My neighborhood is not my community. It’s a nice city neighborhood, with nice old houses and little apartment buildings on tree-lined streets near the university district in Pittsburgh. The residents are middle- to upper-income intelligentsia: literary types and lawyers, professors and techies, a few tycoons. Mostly they’re people who fit my demographics and lifestyle. I am never blasted awake at dawn by somebody starting up a Harley. I get to chat pleasantly about bicycles when a neighbor comments on mine, and we all understand that going to “the theater” means live theater, not the multiplex at a mall. That kind of thing. But intimate friendships and interdependencies are not nearly as common as they were in the past.  

Some ties that once ran deeper are gone. There’s no longer a local elementary school; families send their children to assorted public and private schools citywide. Churches and synagogues don’t fill the seats. Few people are lifelong residents — I came here from elsewhere — and certain encounters tell me clearly that this is a place where co-location ≠ community. When a next-door neighbor stopped by to ask a small favor, we spent a few minutes catching up on the past few years: Your daughter graduated already? And moved to Chicago? No wonder I haven’t seen her around …

My actual community is spread near and far, throughout the metro area and beyond. This community consists of people who influence my life, and vice versa. To the extent that life would be diminished without our relationships. 

Social scientists study communities like mine, except they call them “networks.” And they’d probably say mine has a typical structure. At the core are people I interact with regularly, right down to the deepest levels of sharing and caring: my wife and our went-to-Chicago kid, some other family members, dear friends, a personal mentor. Fanning out from the core are circles of people I connect with occasionally, and usually for specific purposes: clients for my work, my physicians. As a sociologist might put it, the community is made of both “strong ties” and “weak ties” — with the caveat that “weak” doesn’t mean their influence is weak. Those weak-tie physicians keep my operating systems operating.

My community is an open one. Anybody may enter or leave, which makes it a changing community. New people show up while others drop away. The only membership requirement, on my end, is that I screen out people afflicted with chronic dishonesty. Can’t risk it. (I do, however, let in some folks who are viewed as cantankerous or otherwise difficult. I embrace them for human reasons I can’t fathom, and besides, they can be useful. One person gives advice that’s 100% reliable. Whatever he says I should do, I know to do the opposite.) 
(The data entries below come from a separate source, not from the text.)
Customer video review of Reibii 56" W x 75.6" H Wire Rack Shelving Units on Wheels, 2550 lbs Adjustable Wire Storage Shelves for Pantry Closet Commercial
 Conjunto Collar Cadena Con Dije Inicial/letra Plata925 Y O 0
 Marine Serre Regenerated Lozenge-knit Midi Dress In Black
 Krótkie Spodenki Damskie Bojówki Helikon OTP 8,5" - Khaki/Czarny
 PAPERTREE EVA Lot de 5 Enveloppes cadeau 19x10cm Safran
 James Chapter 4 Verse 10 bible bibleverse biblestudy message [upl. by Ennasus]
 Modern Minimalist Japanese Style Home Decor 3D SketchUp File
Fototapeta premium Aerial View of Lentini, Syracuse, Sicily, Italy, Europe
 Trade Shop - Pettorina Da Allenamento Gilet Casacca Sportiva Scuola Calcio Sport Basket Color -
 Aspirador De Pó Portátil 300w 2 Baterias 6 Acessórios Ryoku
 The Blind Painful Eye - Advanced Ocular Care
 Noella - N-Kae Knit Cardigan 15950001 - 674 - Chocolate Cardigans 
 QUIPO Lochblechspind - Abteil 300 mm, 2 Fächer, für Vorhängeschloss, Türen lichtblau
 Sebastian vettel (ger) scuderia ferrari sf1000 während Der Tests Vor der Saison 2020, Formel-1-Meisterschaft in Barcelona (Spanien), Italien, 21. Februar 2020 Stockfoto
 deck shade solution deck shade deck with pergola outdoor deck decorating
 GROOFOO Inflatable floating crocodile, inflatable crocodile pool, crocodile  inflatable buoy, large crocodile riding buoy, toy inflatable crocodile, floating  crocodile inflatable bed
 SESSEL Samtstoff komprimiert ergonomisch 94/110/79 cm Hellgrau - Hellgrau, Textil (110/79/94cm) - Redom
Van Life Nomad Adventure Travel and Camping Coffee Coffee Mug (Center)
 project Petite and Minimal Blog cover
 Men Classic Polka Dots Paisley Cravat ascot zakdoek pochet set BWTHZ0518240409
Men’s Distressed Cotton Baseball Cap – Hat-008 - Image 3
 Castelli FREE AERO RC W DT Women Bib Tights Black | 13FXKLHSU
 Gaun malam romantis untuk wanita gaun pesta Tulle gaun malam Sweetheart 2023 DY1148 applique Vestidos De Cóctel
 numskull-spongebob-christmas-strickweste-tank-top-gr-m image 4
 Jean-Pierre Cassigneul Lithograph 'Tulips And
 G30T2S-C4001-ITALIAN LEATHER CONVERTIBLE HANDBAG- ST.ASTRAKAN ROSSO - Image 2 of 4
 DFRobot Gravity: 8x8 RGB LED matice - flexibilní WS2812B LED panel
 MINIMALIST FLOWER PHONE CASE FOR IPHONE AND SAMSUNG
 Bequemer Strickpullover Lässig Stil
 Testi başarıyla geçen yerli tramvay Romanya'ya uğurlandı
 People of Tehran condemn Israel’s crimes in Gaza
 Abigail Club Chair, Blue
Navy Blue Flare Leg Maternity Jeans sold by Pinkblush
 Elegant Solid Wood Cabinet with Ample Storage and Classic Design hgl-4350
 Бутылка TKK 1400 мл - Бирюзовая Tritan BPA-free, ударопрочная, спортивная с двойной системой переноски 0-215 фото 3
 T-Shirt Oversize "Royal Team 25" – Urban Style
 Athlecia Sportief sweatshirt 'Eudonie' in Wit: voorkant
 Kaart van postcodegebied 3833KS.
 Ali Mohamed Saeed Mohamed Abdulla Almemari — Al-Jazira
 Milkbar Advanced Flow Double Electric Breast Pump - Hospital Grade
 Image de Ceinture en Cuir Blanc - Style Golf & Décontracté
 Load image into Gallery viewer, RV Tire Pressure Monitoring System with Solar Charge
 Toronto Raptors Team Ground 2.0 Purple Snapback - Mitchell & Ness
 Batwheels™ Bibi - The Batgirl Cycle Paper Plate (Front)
Despite its open nature, my community at any given time is a community of choice. The persons in it are those I’ve chosen, and who have chosen me. This also makes it a community of trust. And to me, it’s even more. I cherish the people in my community, inner circle or outer. For example, I know little about our auto mechanic’s life. He’s busy, so I confine my questions to subjects like ball joints. But this mechanic is more than someone who treats us right automotively. I can tell he’s a good man and I’d say I love him for it. 

So maybe that’s the mark of a real community. Maybe a real community is built on love. 

**

Which reminds me of an incident several years ago, after the 2016 election. A relative of ours is a thoughtful type who tries to avoid rattling the family tree. At a get-together he pulled me aside and asked if it was true what he’d heard, that my wife was upset that Trump had won. I said “That would be an understatement. Why? Did you vote for Trump?” He said “I love Donald Trump.” 

**

Many of us wonder how extreme right-wingers and authoritarian regimes have gained the power they wield, in our country and elsewhere. I think that one thing the American right does effectively, much more than progressives or moderates can do, is offering an experience of community. Start with the slogans: “Make America Great Again” is an invitation to be part of a movement. The opposition invokes worthy causes but can’t deliver a unifying message as simple (or, one might say, as simple-minded) as that. 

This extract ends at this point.